It's simple: L1VH isn't a host, so I can spin up new VMs instead of
servicing the existing ones.

Why do you think there won’t be customers interested in using MSHV in
L1VH without kexec support?

Thanks,
Stanislav

> Thanks,
> Anirudh.
> 
> > not depend on user space to keep the kernel safe.
> > 
> > Do you agree?
> > 
> > Thanks,
> > Stanislav
> > 
> > > > 
> > > > > Also, why is this sloppy? Isn't this what module_exit should be
> > > > > doing anyway? If someone unloads our module we should be trying to
> > > > > clean everything up (including killing guests) and reclaim memory.
> > > > > 
> > > > 
> > > > Kexec does not unload modules, but it doesn't really matter even if it
> > > > would.
> > > > There are other means to plug into the reboot flow, but neither of them
> > > > is robust or reliable.
> > > > 
> > > > > In any case, we can BUG() out if we fail to reclaim the memory. That would
> > > > > stop the kexec.
> > > > > 
> > > > 
> > > > By killing the whole system? This is not a good user experience and I
> > > > don't see how can this be justified.
> > > 
> > > It is justified because, as you said, once we reach that failure we can
> > > no longer guarantee integrity.
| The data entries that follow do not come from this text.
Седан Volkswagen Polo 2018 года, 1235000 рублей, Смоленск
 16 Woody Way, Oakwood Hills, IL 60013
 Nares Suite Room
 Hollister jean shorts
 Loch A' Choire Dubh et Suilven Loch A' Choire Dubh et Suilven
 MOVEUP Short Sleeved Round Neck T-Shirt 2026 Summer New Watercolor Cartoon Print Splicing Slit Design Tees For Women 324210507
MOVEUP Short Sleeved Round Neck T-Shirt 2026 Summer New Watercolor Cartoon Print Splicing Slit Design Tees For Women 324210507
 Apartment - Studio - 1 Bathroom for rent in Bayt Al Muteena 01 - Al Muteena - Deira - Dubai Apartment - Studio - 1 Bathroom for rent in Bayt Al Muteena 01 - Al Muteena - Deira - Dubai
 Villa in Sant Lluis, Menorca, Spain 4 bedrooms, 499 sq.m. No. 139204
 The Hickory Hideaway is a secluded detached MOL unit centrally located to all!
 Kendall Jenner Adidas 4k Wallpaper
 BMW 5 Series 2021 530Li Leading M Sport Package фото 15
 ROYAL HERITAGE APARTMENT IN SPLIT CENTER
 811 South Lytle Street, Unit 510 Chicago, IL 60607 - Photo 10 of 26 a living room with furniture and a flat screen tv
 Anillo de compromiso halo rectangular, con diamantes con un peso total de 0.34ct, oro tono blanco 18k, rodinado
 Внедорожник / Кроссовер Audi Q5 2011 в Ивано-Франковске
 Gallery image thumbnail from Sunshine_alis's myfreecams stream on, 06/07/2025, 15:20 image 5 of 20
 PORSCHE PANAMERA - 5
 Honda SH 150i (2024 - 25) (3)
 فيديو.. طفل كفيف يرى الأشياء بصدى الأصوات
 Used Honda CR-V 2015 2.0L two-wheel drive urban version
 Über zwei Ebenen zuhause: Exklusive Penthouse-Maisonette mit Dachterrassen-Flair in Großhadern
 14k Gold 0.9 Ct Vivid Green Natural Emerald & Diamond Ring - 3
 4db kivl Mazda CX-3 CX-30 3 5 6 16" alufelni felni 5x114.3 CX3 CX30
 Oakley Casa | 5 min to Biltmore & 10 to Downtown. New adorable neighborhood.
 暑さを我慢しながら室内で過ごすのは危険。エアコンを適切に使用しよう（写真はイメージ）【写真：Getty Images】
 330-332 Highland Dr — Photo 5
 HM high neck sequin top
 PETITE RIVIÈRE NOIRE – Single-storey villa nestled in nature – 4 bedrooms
So BUG() makes sense. This BUG() would
> > > cause the system to go for a full reboot and restore integrity.
> > > 
> > > > 
> > > > > This is a better solution since instead of disabling KEXEC outright: our
> > > > > driver made the best possible efforts to make kexec work.
> > > > > 
> > > > 
> > > > How an unrealiable feature leading to potential system crashes is better
> > > > that disabling kexec outright?
> > > 
> > > Because there are ways of using the feature reliably. What if someone
> > > has MSHV_ROOT enabled but never start a VM? (Just because someone has our
> > > driver enabled in the kernel doesn't mean they're using it.) What about crash
> > > dump?
> > > 
> > > It is far better to support some of these scenarios and be unreliable in
> > > some corner cases rather than disabling the feature completely.
> > > 
> > > Also, I'm curious if any other driver in the kernel has ever done this
> > > (force disable KEXEC).
> > > 
> > > > 
> > > > It's a complete opposite story for me: the latter provides a limited,
> > > > but robust functionality, while the former provides an unreliable and
> > > > unpredictable behavior.
> > > > 
> > > > > > 
> > > > > > There are two long-term solutions:
> > > > > >  1. Add a way to prevent kexec when there is shared state between the hypervisor and the kernel.
> > > > > 
> > > > > I honestly think we should focus efforts on making kexec work rather
> > > > > than finding ways to prevent it.
> > > > > 
> > > > 
> > > > There is no argument about it. But until we have it fixed properly, we
> > > > have two options: either disable kexec or stop claiming we have our
> > > > driver up and ready for external customers. Giving the importance of
> > > > this driver for current projects, I believe the better way would be to
> > > > explicitly limit the functionality instead of postponing the
> > > > productization of the driver.
> > > 
> > > It is okay to claim our driver as ready even if it doesn't support all
> > > kexec cases. If we can support the common cases such as crash dump and
> > > maybe kexec based servicing (pretty sure people do systemctl kexec and
> > > not kexec -e for this with proper teardown) we can claim that our driver
> > > is ready for general use.
> > > 
> > > Thanks,
> > > Anirudh.